Com. 6 janv. 2015, F-P+B, n° 13-21.305

Dans un arrêt du 6 janvier 2015, la chambre commerciale admet pour la première fois la présomption réfragable de la responsabilité solidaire d’une société-mère provenant du comportement anticoncurrentiel de sa filiale. 

Auparavant, la Cour de justice de l’Union européenne avait jugé, dans sa décision Akzo Nobel du 10 septembre 2009, qu’une société-mère est présumée exercer une influence déterminante sur sa filiale dès lors qu’elle détient la totalité ou la quasi-totalité de son capital. Par conséquent, en vertu d’une présomption réfragable, la société-mère est, selon la Cour, tenue solidairement du paiement des sanctions pécuniaires prononcées à l’encontre de la filiale ayant contrevenu au droit européen de la concurrence. Elle ne peut donc se soustraire à sa responsabilité en démontrant son absence de comportement frauduleux.

Lui emboîtant le pas, l’Autorité française de la concurrence s’est prononcée, le 9 décembre 2009, en faveur de la même présomption réfragable concernant la société Orange Caraïbe, détenue en totalité par Orange SA, contrôlée elle-même à 100 % puis à 99 % et enfin à nouveau à 100 % par France Télécom.

L’Autorité de la concurrence a considéré, dans sa décision de 2009, que la présomption réfragable de responsabilité de la société-mère reconnue par le droit européen de la concurrence devait s’appliquer à l’espèce, dans la mesure où elle sanctionne l’abus de domination de la société Orange Caraïbe en application des articles L. 420-2 du code de commerce et 102 du Traité sur le fonctionnement de l’Union européenne.

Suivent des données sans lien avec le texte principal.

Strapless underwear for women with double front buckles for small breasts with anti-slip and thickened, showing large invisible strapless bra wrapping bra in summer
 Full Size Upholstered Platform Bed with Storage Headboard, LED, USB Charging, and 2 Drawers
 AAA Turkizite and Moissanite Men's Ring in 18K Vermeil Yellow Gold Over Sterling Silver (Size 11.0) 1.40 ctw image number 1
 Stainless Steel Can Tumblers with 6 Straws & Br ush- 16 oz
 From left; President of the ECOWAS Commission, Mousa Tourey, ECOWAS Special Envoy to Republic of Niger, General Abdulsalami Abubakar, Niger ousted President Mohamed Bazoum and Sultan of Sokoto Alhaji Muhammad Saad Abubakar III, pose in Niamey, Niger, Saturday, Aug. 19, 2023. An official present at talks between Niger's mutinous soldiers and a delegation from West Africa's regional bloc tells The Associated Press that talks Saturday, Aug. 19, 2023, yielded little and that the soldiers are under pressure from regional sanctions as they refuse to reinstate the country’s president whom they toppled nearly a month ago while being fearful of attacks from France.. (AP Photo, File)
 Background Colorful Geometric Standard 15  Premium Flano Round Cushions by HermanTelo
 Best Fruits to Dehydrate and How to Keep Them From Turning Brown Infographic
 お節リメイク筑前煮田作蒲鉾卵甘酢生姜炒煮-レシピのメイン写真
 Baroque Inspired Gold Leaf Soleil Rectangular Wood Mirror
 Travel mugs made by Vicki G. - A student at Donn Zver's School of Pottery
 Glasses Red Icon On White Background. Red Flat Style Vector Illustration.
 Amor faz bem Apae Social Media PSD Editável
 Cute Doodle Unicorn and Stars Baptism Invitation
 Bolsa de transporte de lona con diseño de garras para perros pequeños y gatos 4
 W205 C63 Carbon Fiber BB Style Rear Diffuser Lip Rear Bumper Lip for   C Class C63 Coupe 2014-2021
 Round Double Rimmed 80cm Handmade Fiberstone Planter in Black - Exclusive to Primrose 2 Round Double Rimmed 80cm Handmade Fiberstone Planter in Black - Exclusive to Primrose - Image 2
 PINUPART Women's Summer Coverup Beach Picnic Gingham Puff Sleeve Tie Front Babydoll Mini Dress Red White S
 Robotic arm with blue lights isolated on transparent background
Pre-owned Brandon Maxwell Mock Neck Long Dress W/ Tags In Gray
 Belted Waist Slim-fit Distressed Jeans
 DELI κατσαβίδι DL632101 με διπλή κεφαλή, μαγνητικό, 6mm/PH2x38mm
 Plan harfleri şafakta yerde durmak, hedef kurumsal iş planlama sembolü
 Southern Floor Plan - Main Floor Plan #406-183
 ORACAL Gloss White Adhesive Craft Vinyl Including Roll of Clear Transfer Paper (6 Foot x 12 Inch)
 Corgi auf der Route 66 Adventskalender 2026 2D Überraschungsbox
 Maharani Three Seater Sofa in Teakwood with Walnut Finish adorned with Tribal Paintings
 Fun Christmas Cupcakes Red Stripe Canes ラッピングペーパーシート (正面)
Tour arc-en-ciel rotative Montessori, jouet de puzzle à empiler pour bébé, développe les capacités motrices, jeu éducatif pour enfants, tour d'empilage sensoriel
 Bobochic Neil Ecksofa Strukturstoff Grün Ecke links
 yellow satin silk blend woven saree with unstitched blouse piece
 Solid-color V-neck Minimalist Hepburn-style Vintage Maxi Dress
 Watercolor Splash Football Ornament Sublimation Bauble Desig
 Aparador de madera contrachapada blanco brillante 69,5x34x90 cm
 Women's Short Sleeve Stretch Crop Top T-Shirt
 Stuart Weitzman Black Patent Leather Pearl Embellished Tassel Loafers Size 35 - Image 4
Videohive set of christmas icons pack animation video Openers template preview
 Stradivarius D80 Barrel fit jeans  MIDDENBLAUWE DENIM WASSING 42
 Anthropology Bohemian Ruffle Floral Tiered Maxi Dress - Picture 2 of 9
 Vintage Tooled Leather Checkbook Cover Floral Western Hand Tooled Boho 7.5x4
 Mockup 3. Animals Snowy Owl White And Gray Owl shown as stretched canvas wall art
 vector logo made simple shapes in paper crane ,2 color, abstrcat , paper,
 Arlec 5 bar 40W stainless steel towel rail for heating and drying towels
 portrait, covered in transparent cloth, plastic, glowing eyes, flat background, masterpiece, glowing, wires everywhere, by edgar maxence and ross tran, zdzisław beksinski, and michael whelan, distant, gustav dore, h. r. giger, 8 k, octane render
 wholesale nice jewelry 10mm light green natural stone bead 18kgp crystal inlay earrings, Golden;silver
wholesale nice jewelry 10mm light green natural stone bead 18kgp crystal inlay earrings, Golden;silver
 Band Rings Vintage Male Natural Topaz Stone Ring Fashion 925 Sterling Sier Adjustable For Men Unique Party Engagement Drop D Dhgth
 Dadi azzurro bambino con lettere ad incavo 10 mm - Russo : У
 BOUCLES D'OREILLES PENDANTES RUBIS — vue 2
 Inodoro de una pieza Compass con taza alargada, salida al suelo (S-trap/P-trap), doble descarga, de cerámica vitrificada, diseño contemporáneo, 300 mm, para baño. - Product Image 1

S’agissant de cette présomption de responsabilité de la société France Télécom, cette dernière a tenté, sans succès, de la renverser en essayant d’apporter la preuve de l’autonomie de sa filiale aussi bien devant l’Autorité de la concurrence que devant la cour d’appel de Paris et, enfin, devant la Cour de cassation. Pour renverser la présomption, la Haute juridiction considère que la société-mère doit prouver l’autonomie de sa filiale en apportant des éléments relatifs aux « liens économiques, organisationnels et juridiques » rapprochant les deux entités. La Cour de cassation relève que le fait pour la filiale d’avoir défini une stratégie commerciale liée aux spécificités du marché local ne permet pas de prouver l’autonomie de celle-ci, car les dirigeants et les stratèges de la filiale sont des membres de la société-mère. La Cour retient également qu’en matière de représentation, les deux sociétés se sont toujours présentées auprès des clients et des partenaires de la société Orange Caraïbe comme constituant un même groupe.